Respirando por la herida, el general Rodolfo Palomino, director general de la Policía Nacional, ha dicho que el fallo del Consejo de Estado es inaplicable, entre otras razones, porque la policía y la población civil constituyen un ‘matrimonio’ indisoluble. Pues justamente en esa concepción estratégica es donde radica la violación al derecho internacional humanitario.

Ese matrimonio hace mucho tiempo se disolvió, general Palomino. Desde el momento en que la Policía Nacional dejó de ser una institución civil, se integró a la estrategia de guerra irregular y se convirtió en rehén de la política de “seguridad nacional”, en pos de un pretendido “enemigo interno”, que a menudo confunden con los reclamos de justicia de los sectores populares.

En torno a ese papel de guardián del pueblo que debería jugar la Policía Nacional, y predica Palomino, habría que preguntar a los estudiantes víctimas de las agresiones del Esmad, o a los habitantes de la comuna nororiental de Medellín, del distrito de Aguablanca en Cali o de los barrios de Tunja. A los grafiteros acribillados contra los muros que albergan su caligrafía juvenil, sus sueños y rebeldía, o a los usuarios de las discotecas nocturnas de Bogotá, si en realidad ven a los uniformados como ‘héroes de la patria’.

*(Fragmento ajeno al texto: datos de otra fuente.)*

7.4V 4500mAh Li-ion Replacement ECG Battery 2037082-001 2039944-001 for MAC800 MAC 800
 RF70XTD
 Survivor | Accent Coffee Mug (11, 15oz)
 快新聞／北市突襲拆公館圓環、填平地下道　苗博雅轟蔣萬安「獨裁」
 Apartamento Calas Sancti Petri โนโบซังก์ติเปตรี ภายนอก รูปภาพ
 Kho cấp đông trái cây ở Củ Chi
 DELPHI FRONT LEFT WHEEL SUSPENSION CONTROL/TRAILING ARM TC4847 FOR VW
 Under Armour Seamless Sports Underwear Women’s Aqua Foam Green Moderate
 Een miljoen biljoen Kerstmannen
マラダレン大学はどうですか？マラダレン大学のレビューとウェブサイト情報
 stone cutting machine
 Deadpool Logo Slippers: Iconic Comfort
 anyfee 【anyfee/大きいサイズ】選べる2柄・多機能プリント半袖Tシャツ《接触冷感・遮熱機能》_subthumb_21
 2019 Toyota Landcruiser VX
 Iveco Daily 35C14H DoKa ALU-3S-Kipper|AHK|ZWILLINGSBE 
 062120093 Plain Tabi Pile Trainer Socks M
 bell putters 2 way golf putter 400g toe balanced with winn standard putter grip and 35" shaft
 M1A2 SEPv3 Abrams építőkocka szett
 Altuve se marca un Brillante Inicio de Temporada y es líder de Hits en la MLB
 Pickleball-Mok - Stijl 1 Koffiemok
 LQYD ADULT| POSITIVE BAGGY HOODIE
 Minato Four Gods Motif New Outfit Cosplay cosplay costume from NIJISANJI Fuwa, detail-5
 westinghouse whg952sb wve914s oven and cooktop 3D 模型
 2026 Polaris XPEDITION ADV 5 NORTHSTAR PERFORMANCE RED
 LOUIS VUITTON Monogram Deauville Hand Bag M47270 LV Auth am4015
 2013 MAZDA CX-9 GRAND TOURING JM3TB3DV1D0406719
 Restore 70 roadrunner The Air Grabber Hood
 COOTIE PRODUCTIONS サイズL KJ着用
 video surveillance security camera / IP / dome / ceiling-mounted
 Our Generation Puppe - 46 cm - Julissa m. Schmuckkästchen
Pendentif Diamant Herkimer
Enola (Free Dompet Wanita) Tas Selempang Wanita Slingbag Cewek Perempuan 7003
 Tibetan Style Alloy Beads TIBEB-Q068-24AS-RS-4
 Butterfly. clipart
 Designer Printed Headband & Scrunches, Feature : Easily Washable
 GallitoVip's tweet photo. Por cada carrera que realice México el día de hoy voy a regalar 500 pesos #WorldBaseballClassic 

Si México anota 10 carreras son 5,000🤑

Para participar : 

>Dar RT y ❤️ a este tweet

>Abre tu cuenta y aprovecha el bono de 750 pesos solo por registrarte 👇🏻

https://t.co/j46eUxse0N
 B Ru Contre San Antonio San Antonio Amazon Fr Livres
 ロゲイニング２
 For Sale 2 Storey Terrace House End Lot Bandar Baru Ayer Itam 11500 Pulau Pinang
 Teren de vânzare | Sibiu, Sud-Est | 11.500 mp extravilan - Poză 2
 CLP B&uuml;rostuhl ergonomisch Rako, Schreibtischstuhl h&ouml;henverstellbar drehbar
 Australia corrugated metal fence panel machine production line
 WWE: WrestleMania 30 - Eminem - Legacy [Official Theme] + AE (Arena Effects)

Si damos una lectura juiciosa al reciente informe de Human Rights Watch, lo que vemos es un cuadro generalizado de violaciones a los derechos humanos, de falta de garantías para sindicalistas, líderes agrarios y defensores de derechos, y en ese cuadro, es agente activo de vulneración a esos derechos el estamento armado, incluidos, ejército y policía.

Y es en este escenario donde resulta oportuno el fallo del Consejo de Estado, al señalar en forma categórica, que propiciar combates en medio de la población civil, es responsabilidad del Estado. Y si en esa confrontación resultan daños materiales y pérdidas de vidas, el estado deberá responder. Es la consecuencia de insistir en aplicar una estrategia de guerra irregular contra los opositores, trátese de grupos insurgentes o de población civil que se moviliza a reclamar sus derechos.